> _SOURCE DATA_
───
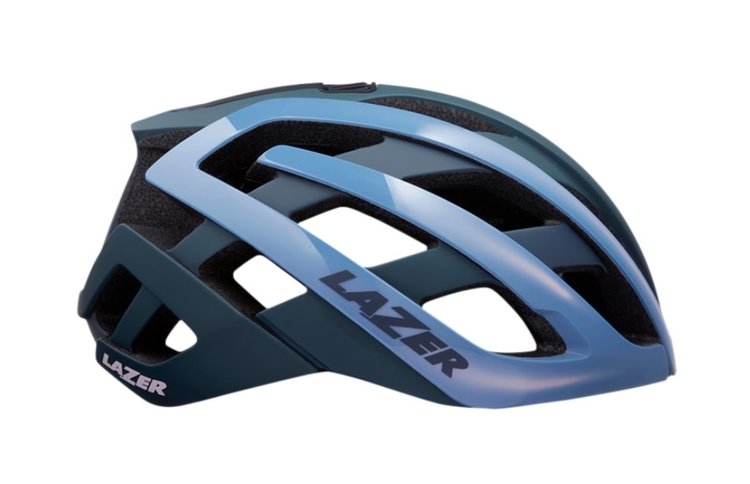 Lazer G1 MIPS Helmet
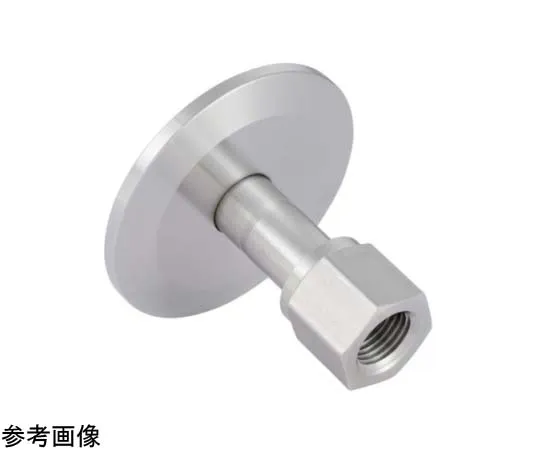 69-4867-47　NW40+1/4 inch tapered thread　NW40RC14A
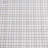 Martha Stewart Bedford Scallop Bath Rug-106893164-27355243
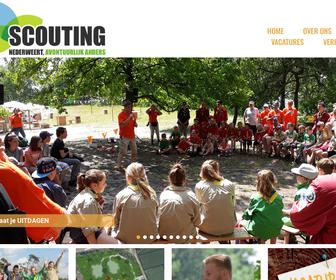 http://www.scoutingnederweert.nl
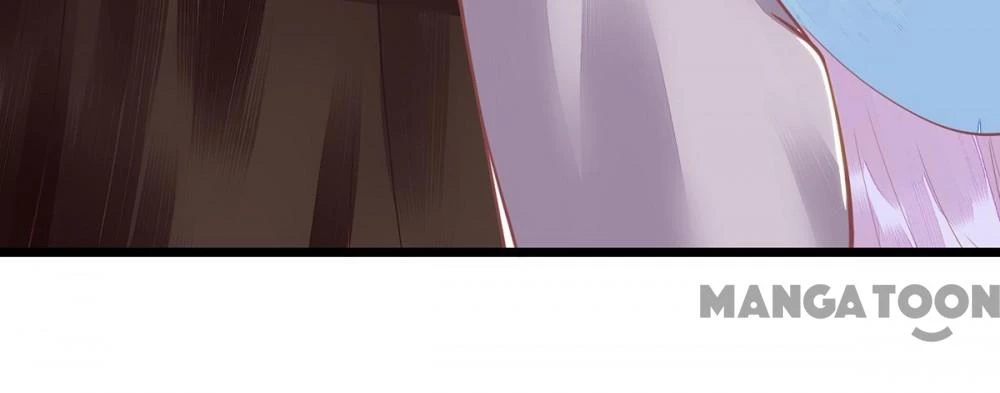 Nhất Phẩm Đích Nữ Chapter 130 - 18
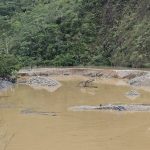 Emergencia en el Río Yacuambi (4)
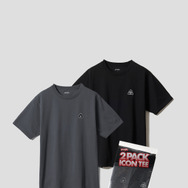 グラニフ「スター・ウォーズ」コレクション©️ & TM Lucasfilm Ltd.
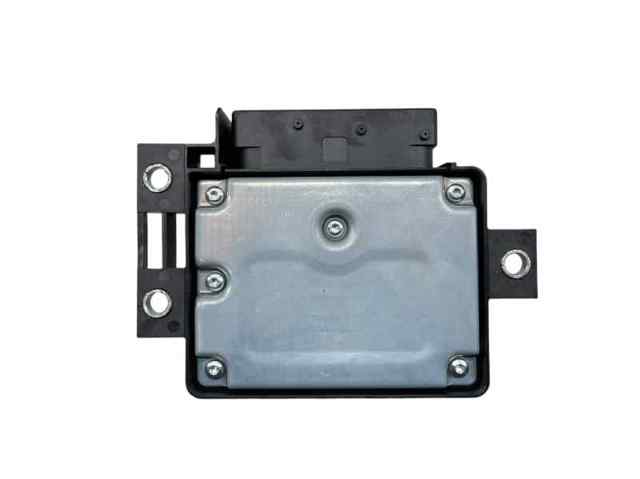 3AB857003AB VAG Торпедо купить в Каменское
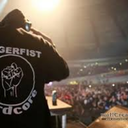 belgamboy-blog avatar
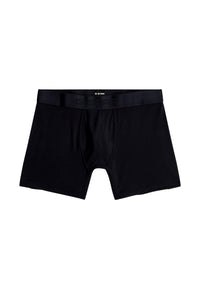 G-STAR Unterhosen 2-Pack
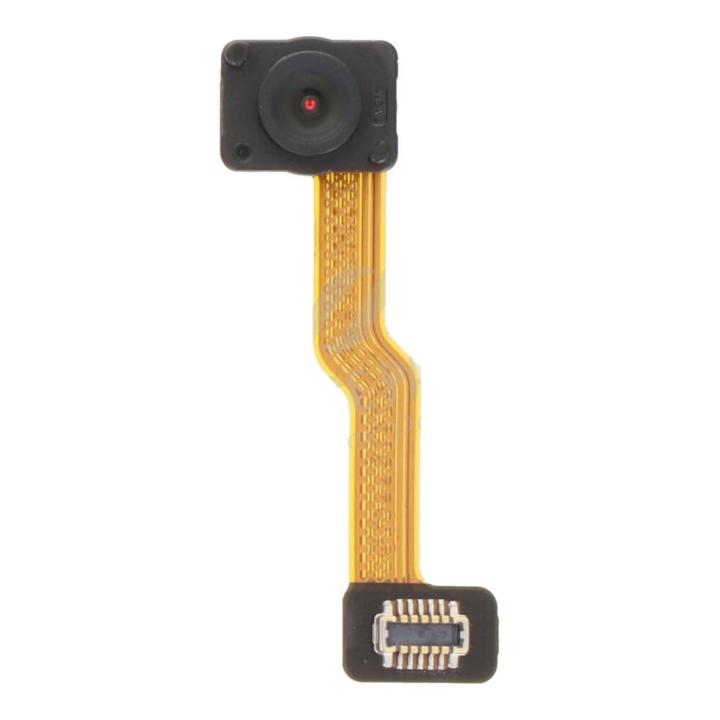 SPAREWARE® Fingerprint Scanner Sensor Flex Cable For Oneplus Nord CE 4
───
Apart from its pictures, the data is to be repeated exactly.

> _SOLUTION_
 Lazer G1 MIPS Helmet
 69-4867-47　NW40+1/4 inch tapered thread　NW40RC14A
 Martha Stewart Bedford Scallop Bath Rug-106893164-27355243
 http://www.scoutingnederweert.nl
 Nhất Phẩm Đích Nữ Chapter 130 - 18
 Emergencia en el Río Yacuambi (4)
 グラニフ「スター・ウォーズ」コレクション©️ & TM Lucasfilm Ltd.
 3AB857003AB VAG Торпедо купить в Каменское
 belgamboy-blog avatar
 G-STAR Unterhosen 2-Pack
 SPAREWARE® Fingerprint Scanner Sensor Flex Cable For Oneplus Nord CE 4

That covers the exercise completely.